Monday, December 03, 2012

Messing with Nature in Kazuki Ohmori's Godzilla vs Biollante: A Blu-Ray Review

*full disclosure: a Blu-Ray copy of this film was provided by Echo Bridge Entertainment for review.

Director: Kazuki Ohmori.

Writers: Shinichirô Kobayashi (story), Kazuki Ohmori.

Cast: Kunihiko Mitamura, Yoshiko Tanaka and Masanobu Takashima.

Not many North American video releases of the Godzilla films are as thoughtful as Criterion's release of the original film, Media Blaster's Destroy All Monsters or Echo Bridge Entertainment's release Godzilla vs. Biollante. The single featurette is what sells this product. It reveals some secrets in how this film marked the Heisei period of this nuclear monster's reign and it shows that not all effects have to be CGI driven. In the late '80's, the method to create special effects involved matte paintings, models and simple tricks of the camera to create the illusion.

These heydays are long gone by today's standards. But can anyone imagine what the imagineers of "Walking with Dinosaurs," the arena spectacular could have done if contracted by Toho?

At least, in Biollante, the collaboration can potentially be amazing. Biollante itself, a beast made with the genetic imprint of a human, a flower and a beast sounds like a freakish creation from Frankenstein's lab. At least the scientists acknowledge that when man is the true beast compared to the monsters they create, this nod to Shelly's novel puts this movie on a decent footing. The message is simple: never toy with nature, because it can bite back.

The film could have done better with a different plot than one about a geneticist, Dr. Genshiro Shiragami (Kôji Takahashi) hoping to bring some spiritual essence of his daughter Erica (Yasuko Sawaguchi) back to life. She died early in the film when spies bombed a lab containing samples of Godzilla's DNA.

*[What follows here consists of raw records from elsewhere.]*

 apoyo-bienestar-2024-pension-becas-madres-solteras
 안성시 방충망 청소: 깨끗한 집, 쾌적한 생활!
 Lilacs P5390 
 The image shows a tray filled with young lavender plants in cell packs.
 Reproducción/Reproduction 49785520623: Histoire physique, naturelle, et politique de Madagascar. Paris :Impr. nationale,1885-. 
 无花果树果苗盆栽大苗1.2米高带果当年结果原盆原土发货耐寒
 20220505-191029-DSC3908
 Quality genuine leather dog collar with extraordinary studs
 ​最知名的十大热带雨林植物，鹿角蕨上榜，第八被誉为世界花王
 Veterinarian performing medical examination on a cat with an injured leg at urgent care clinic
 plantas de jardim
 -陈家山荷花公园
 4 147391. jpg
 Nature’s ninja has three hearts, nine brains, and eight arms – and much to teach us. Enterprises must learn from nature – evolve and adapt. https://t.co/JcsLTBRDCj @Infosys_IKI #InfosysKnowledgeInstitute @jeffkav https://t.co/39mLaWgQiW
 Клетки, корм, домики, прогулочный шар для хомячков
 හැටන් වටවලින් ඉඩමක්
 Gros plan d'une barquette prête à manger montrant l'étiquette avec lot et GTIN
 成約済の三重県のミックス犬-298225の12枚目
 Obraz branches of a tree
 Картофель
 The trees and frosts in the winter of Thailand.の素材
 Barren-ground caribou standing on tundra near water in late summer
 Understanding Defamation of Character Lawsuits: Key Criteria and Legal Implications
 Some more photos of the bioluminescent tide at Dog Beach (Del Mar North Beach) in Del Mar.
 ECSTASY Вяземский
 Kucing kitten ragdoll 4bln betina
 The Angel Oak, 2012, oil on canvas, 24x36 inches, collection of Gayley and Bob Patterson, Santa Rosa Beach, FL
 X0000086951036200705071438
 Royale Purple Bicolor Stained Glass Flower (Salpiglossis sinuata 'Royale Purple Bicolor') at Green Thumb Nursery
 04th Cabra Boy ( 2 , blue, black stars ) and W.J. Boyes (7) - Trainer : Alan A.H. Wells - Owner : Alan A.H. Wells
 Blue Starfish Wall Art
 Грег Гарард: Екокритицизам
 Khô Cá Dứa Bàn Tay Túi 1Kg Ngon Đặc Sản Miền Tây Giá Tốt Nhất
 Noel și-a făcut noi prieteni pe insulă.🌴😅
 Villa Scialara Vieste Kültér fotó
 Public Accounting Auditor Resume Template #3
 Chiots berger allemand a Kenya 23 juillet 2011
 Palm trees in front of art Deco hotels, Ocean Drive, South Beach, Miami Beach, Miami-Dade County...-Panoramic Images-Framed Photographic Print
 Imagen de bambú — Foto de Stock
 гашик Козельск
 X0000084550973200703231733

The spy thriller that goes on does not make too much sense unless viewers are watching the movies from The Return of Godzilla (aka Godzilla 1985) on. For Japanese monster lovers, the big fight is what most viewers are wanting to see. The battle is okay and the cry for victory sounds like a dying whale.

In the featurette, the movie makers explain that this movie marked the beginning of the Heisei era. From '84 to '95, the monsters were larger than life; they were taller and even more menacing than the beasts from the previous four decades. The effect engineers were also experimenting with new techniques to make Godzilla fiercer. Electronic animatronics were just being introduced. Sadly, the technology was in its infancy. While the comparison of this version of Godzilla to that from Final Wars is vastly different, at least the monster went out with a spectacular bang before Toho Studios retired him.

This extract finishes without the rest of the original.